Trouble with masking password input in Python

Borut Flis picture Borut Flis · Dec 15, 2016 · Viewed 12.5k times · Source

I am using Python. I am making a script where the user has to enter the password in the terminal.

I have already found a solution on this website by using the getpass module.

new_password=getpass.getpass(prompt="Type new password: ")

The problem is I get a warning and the password input gets displayed as well.

Warning (from warnings module):
  File "C:\Python34\lib\getpass.py", line 101
    return fallback_getpass(prompt, stream)
GetPassWarning: Can not control echo on the terminal.
Warning: Password input may be echoed.

Answer

Sundara Moorthy Anandh picture Sundara Moorthy Anandh · Aug 16, 2017

Use command prompt as admin to run this program.

Reason is because system environment where stdin, stdout and stderr are connected to /dev/tty, or another PTY-compliant device.

The IDLE REPL does not meet this requirement.

And change new_password=getpass.getpass(prompt="Type new password: ") to new_password=getpass.getpass("Type new password: ") if you are using Windows OS or new_password=getpass.getpass("Type new password: ", None) for Linux distributions.

This would help you for sure:

import getpass
pw = getpass.getpass("Enter Your Password Here: ")
if pw == "password":
    print("You are Welcome...")
else:
    print("Sorry! You're are not allowed.")

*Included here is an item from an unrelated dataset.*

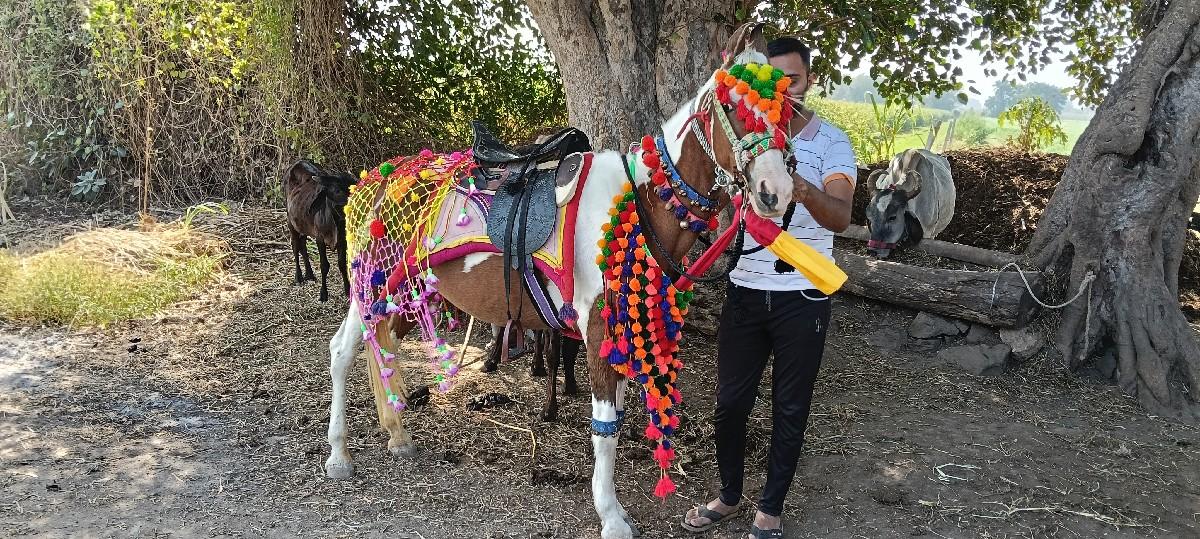 થંબનેલ 2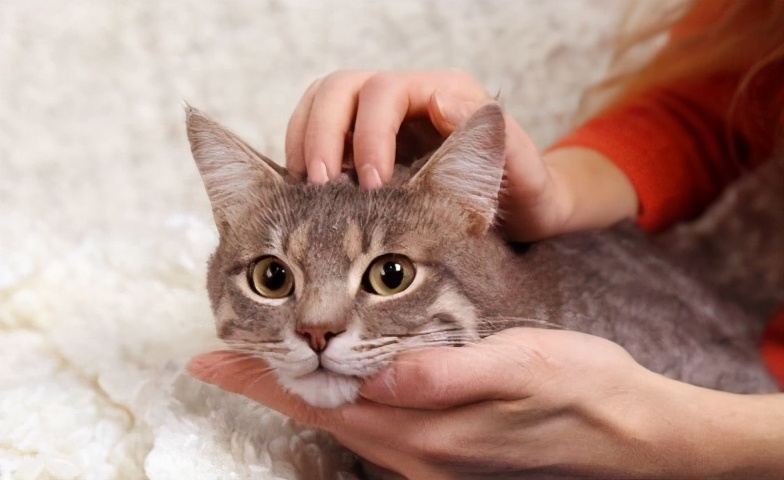 家养猫长寿的秘诀,养猫秘诀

As per Python documentation:

getpass.getpass([prompt[, stream]])

Prompt the user for a password without echoing. The user is prompted using the string prompt, which defaults to 'Password: '. On Unix, the prompt is written to the file-like object stream. stream defaults to the controlling terminal (/dev/tty) or if that is unavailable to sys.stderr (this argument is ignored on Windows)

Changed in version 2.5: The stream parameter was added.

Note: If you call getpass from within IDLE, the input may be done in the terminal you launched IDLE from rather than the idle window itself.